A police investigation has begun into the housing allowance paid to President Anthony Carmona.
However, this is not yet a criminal investigation, acting Police Commissioner Stephen Williams explained yesterday.
The investigation into the matter is currently being handled by the Anti-Corruption Investigations Bureau, Williams said.
The investigation comes in response to four letters sent by attorney Justin Phelps on behalf of his client Rhoda Bharath to the Commissioner of Police calling for the housing allowance paid to Carmona to be probed.
Bharath's call for the police to investigate the housing allowance came as a result of legal advice she obtained from British Queen's Counsel Cathryn McGahey which stated that a "proper and independent" police investigation must be conducted to "reveal the true picture" about the payment.
On March 18, 2013, Carmona assumed office as this country's president.
It was revealed that Carmona received a tax-free housing allowance of $28,000 a month from July 2013 to May 2015 despite also being provided with state accommodation at Flagstaff Hill. The monthly allowance amounted to some $644,000.
As a result of this, McGahey was asked to advise Bharath on whether a request to the Commissioner of Police for an investigation into misconduct in public office on the part of the President, his secretary Esther Daniel-Liverpool, and Chief Personnel Officer (CPO) Stephanie Lewis was justified.
In her advice, McGahey stated that "the case is finely balanced but I believe that there are the moment reasonable grounds to suspect that the offence of misconduct in public office has been committed.
"It is possible that further investigations will reveal correspondence to indicate that those involved in seeking or providing the allowance did not truly believe the President to be entitled to it, or were reckless as to whether he was. Equally, those investigations may show that everyone involved acted in good faith, whether or not the allowance was in fact payable on the true construction of the Salaries Review Commission Report. A proper and independent investigation should reveal the true picture," she stated.

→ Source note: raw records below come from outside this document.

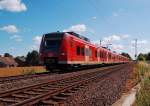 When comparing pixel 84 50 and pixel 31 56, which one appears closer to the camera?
pixel 84 50

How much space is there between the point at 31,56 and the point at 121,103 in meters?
105

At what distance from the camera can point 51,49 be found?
75.0 feet

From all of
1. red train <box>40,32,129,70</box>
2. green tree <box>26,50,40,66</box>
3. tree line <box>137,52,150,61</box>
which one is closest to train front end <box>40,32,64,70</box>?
red train <box>40,32,129,70</box>

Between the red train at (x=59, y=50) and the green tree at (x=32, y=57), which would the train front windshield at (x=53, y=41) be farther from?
the green tree at (x=32, y=57)

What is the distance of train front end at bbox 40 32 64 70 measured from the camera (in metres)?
22.5

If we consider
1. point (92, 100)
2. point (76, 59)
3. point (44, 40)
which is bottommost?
point (92, 100)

On January 1, the Sunday Guardian reported that the SRC distanced itself from Carmona's housing allowance.
Phelps sends 4 letters to CoP
Since October 26, Phelps wrote the Commissioner of Police calling for an investigation into the matter.

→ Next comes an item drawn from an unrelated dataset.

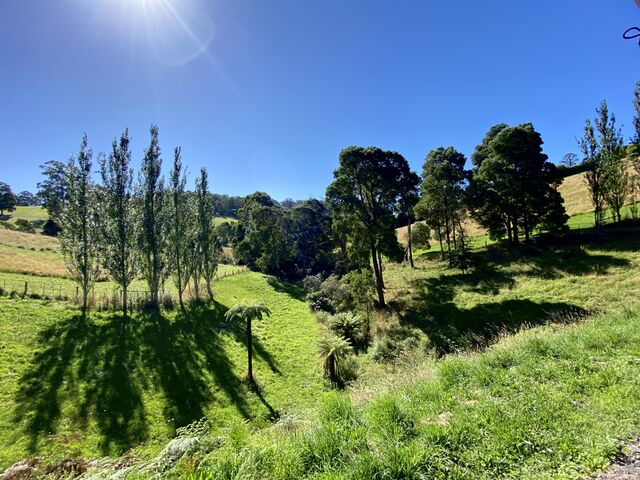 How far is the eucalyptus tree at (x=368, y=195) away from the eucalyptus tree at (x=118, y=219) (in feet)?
55.4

Harold Philip was acting police commissioner at that time as Williams was on vacation.
Apart from the housing allowance, Phelps also raised the issue of threats and harassment to Bharath.
Phelps wrote the Commissioner of Police on three occasions after that.
The latest letter that Phelps sent was to Williams on November 28.
"I have not had any reply to any of my said letters, not even an acknowledgement. I am respectfully asking for such acknowledgement and reply please, so that I may advise my client accordingly," Phelps wrote.
In response to that letter, a letter signed on behalf of Williams, dated January 3, stated that the matter was forwarded to the Anti-Corruption Investigations Bureau.
"Your letter dated November 28th, 2016 on the subject is duly acknowledged," the letter stated.
"Please be advise that the report made by Ms Bharath was forwarded to the office of the Senior Superintendent Anti-Corruption Investigations Bureau where it is being diligently investigated by a team of officers," it stated.
"On completion, you will be informed of the findings," the letter stated.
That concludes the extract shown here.